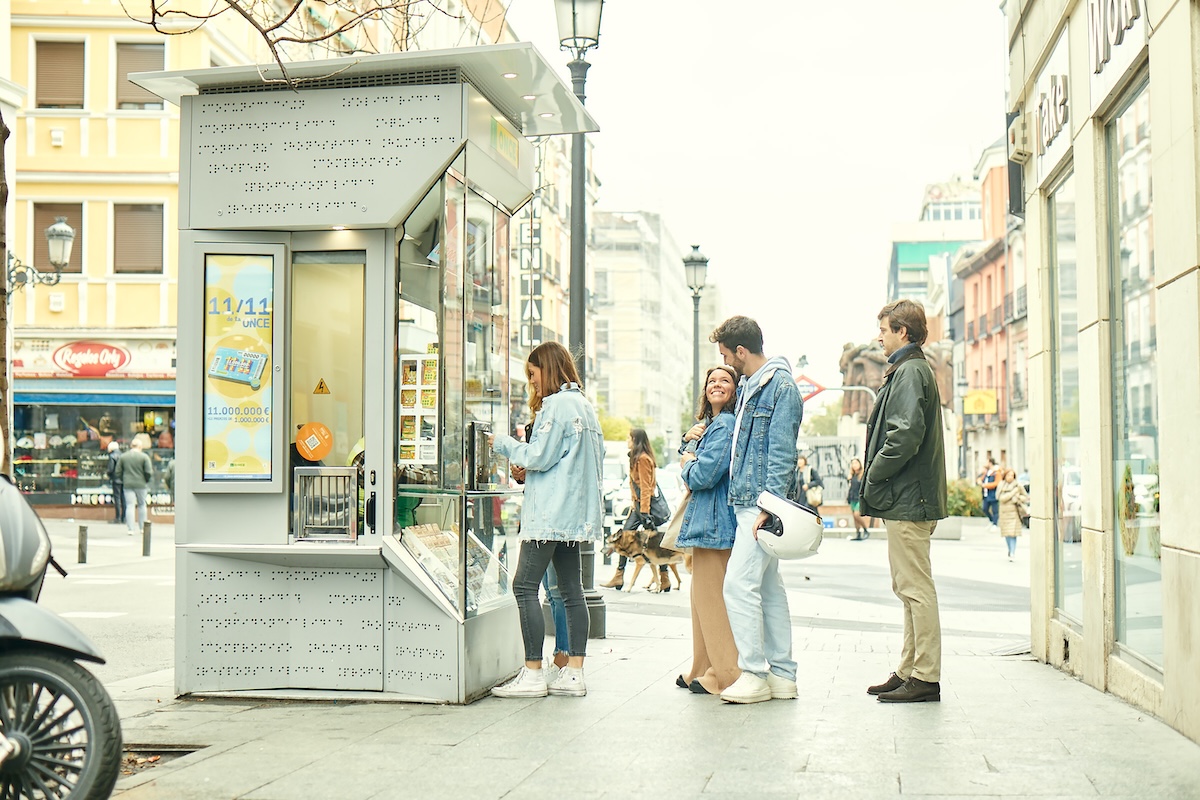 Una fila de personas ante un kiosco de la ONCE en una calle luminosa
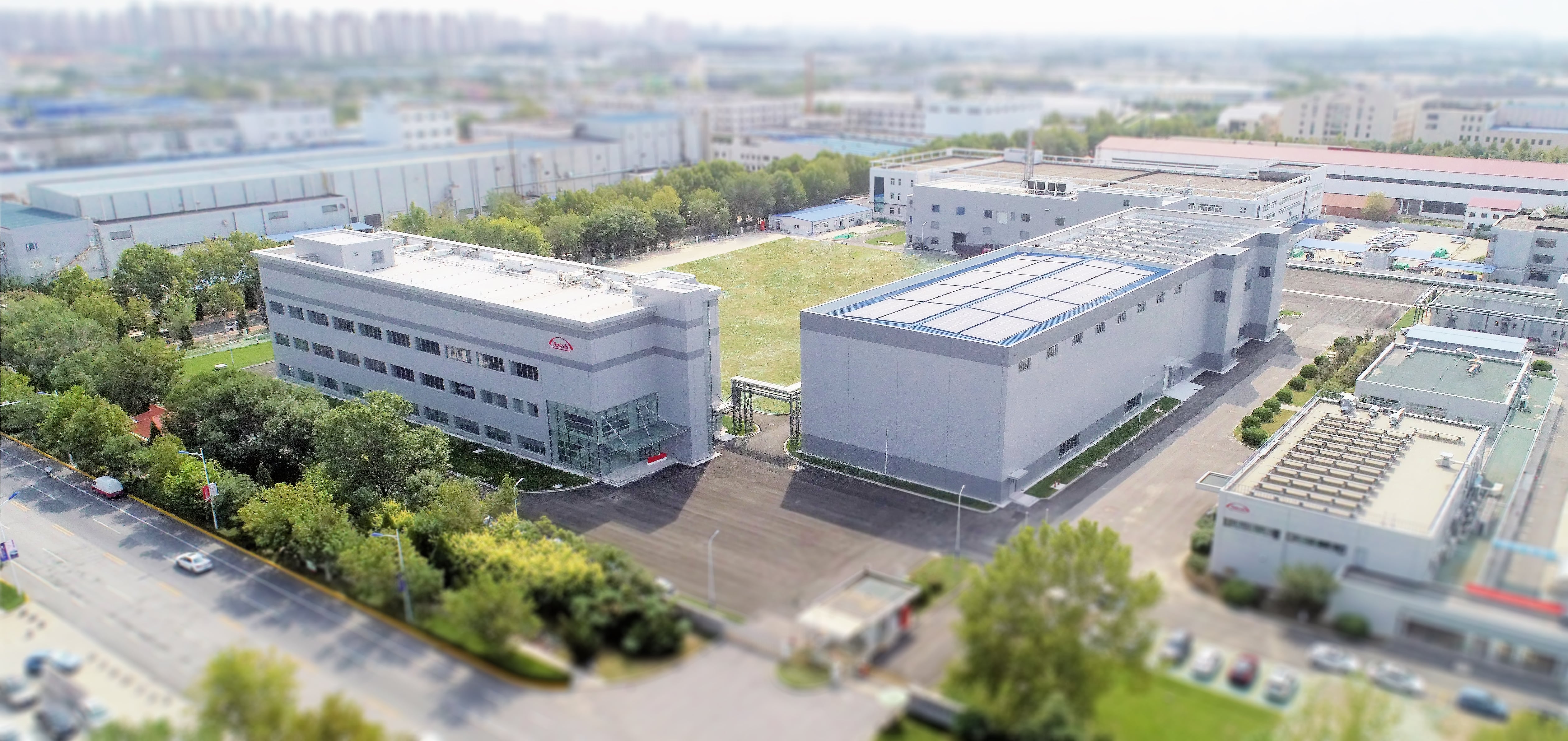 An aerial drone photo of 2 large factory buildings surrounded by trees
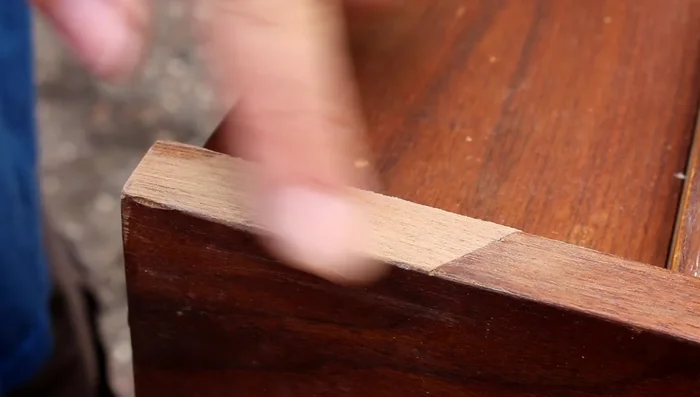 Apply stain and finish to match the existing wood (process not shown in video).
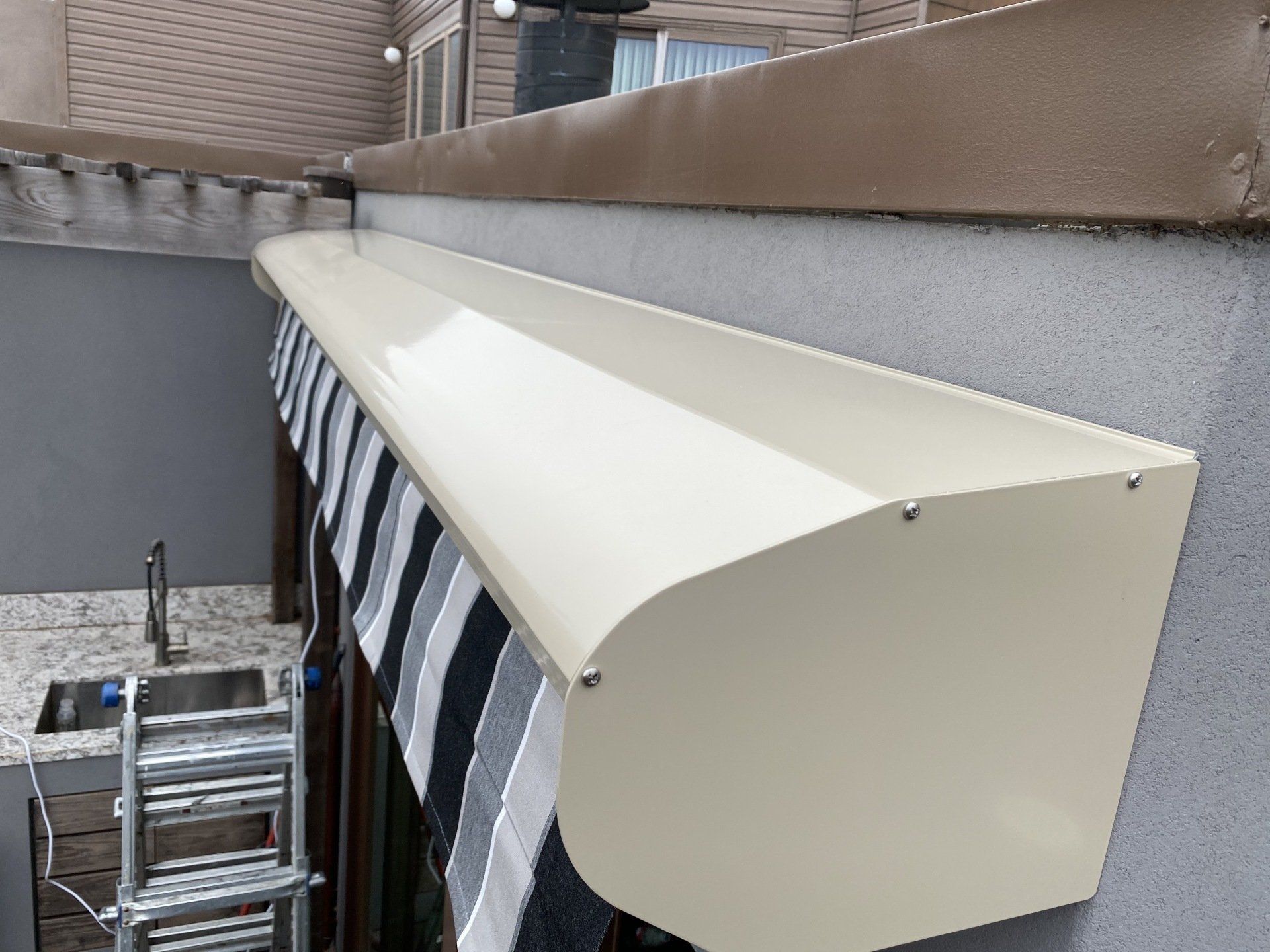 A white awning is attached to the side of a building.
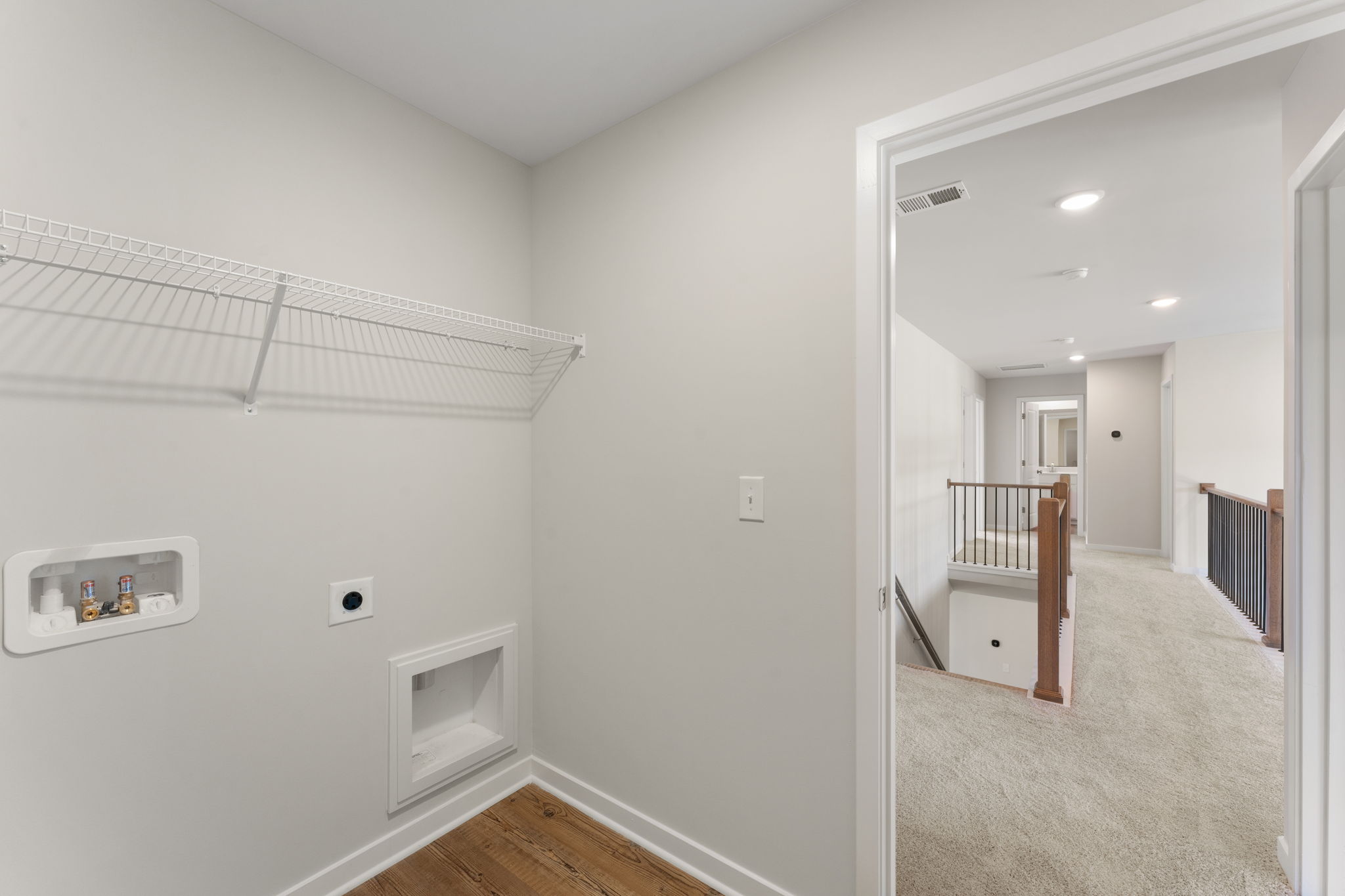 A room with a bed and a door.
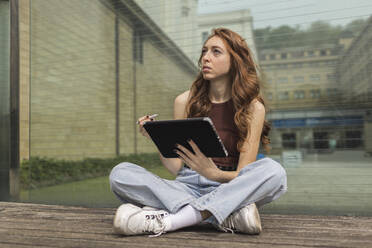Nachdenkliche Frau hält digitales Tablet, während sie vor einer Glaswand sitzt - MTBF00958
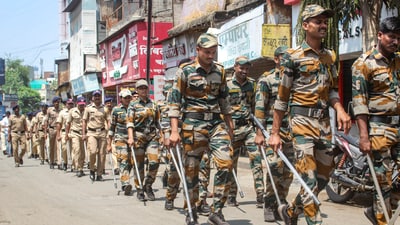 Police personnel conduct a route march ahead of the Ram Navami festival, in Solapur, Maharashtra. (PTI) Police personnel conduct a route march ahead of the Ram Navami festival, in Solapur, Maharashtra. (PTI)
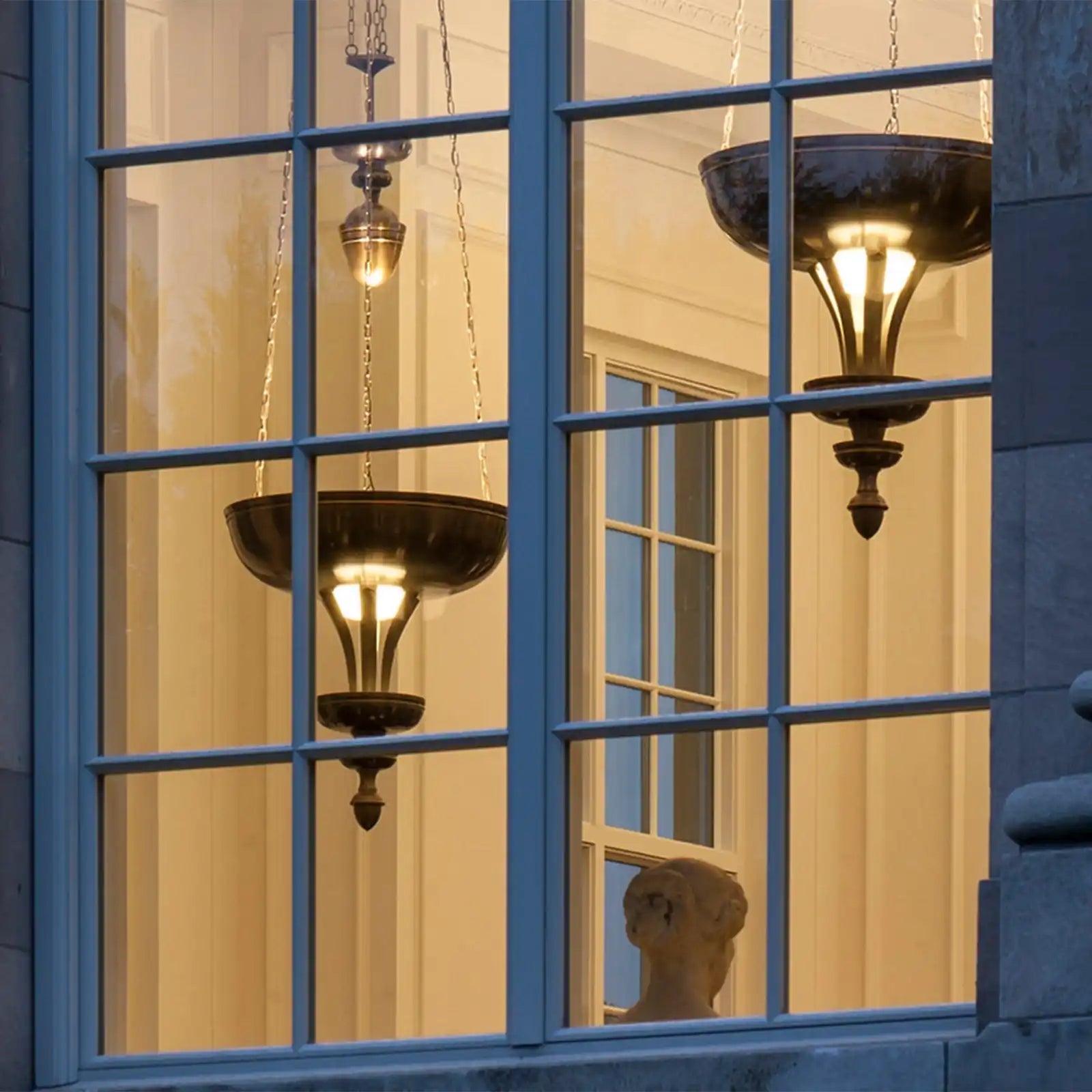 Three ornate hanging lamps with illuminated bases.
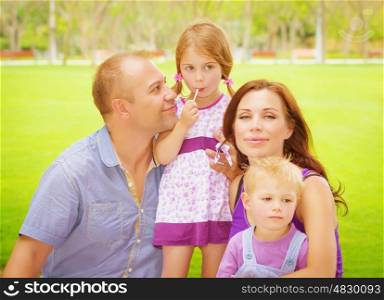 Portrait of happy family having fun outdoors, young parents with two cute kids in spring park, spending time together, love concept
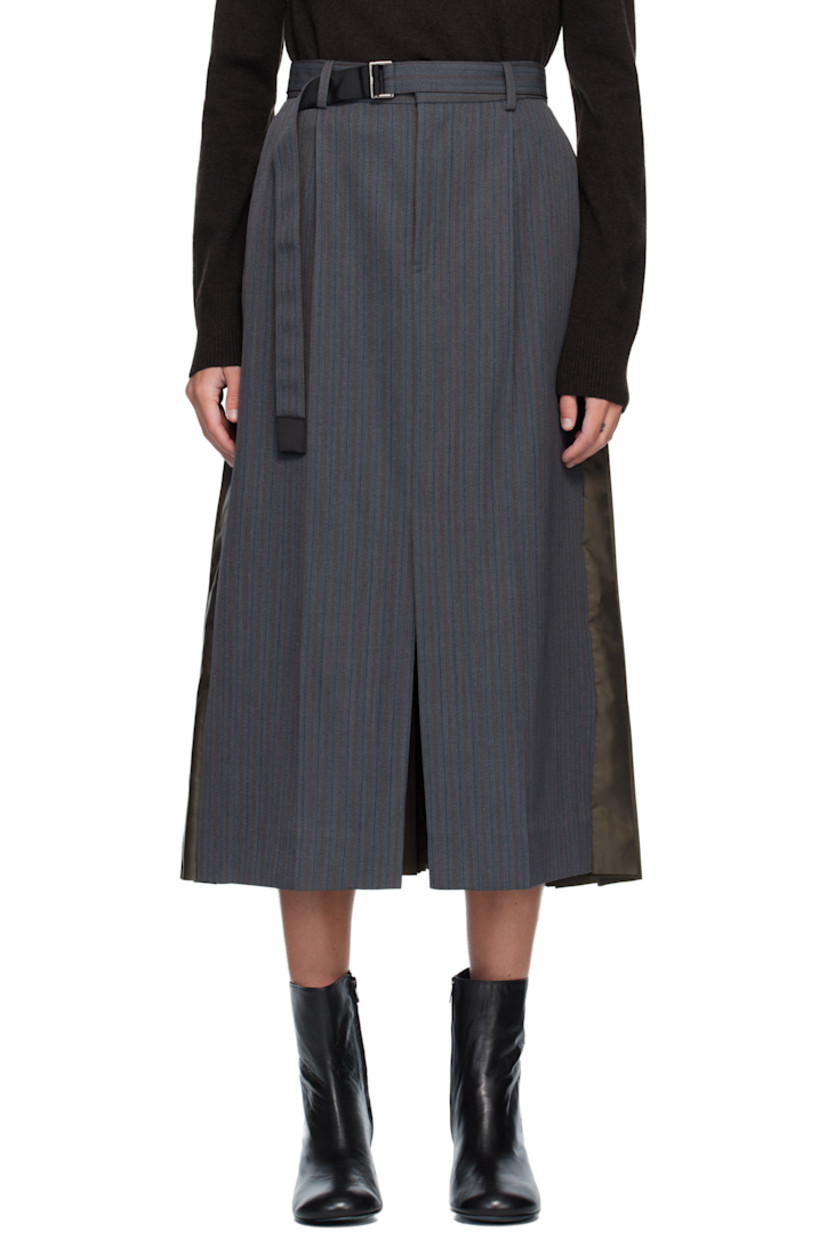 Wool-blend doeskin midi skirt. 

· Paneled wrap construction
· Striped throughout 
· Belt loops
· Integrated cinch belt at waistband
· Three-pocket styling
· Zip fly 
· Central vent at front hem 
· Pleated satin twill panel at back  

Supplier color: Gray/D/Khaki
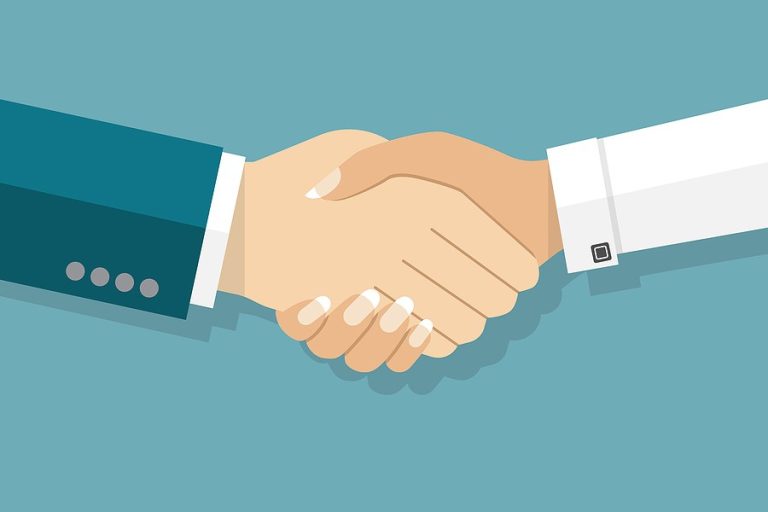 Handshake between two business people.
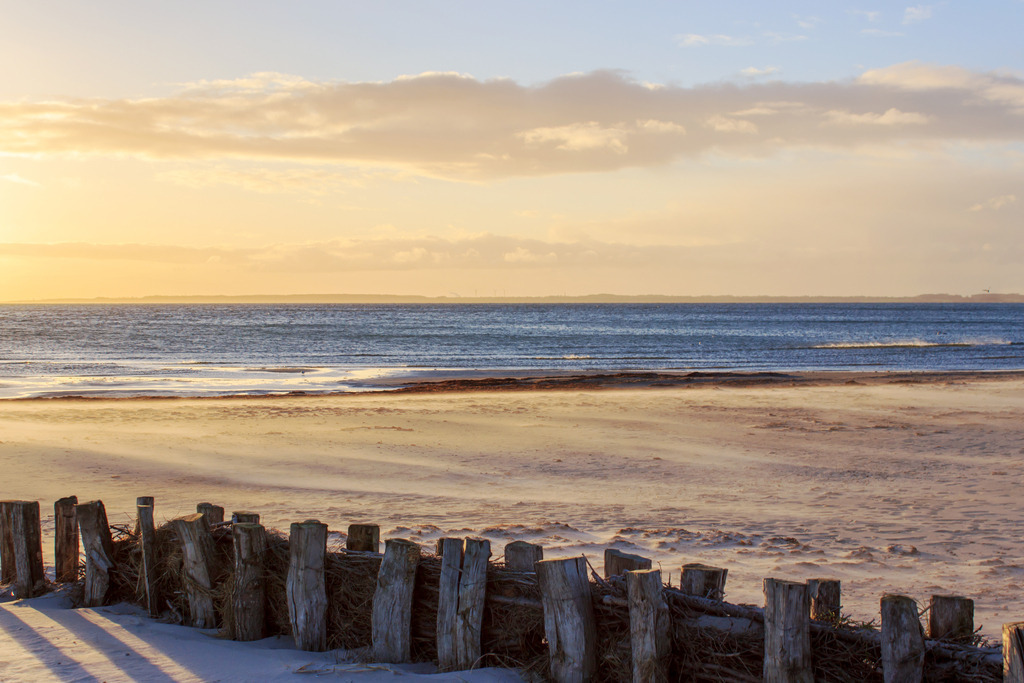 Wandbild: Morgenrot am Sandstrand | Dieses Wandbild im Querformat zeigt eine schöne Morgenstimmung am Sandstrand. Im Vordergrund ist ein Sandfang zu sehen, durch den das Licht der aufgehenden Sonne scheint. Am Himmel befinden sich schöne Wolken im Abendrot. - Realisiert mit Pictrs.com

- _PROBLEM DETAILS_:
In the listing above, find the line with "A white awning" and the line with "Handshake between two business people.". Copy exactly those two and every line between, without the pictures.

- _WORKED SOLUTION_:
 A white awning is attached to the side of a building.
 A room with a bed and a door.
Nachdenkliche Frau hält digitales Tablet, während sie vor einer Glaswand sitzt - MTBF00958
 Police personnel conduct a route march ahead of the Ram Navami festival, in Solapur, Maharashtra. (PTI) Police personnel conduct a route march ahead of the Ram Navami festival, in Solapur, Maharashtra. (PTI)
 Three ornate hanging lamps with illuminated bases.
 Portrait of happy family having fun outdoors, young parents with two cute kids in spring park, spending time together, love concept
 Wool-blend doeskin midi skirt. 

· Paneled wrap construction
· Striped throughout 
· Belt loops
· Integrated cinch belt at waistband
· Three-pocket styling
· Zip fly 
· Central vent at front hem 
· Pleated satin twill panel at back  

Supplier color: Gray/D/Khaki
 Handshake between two business people.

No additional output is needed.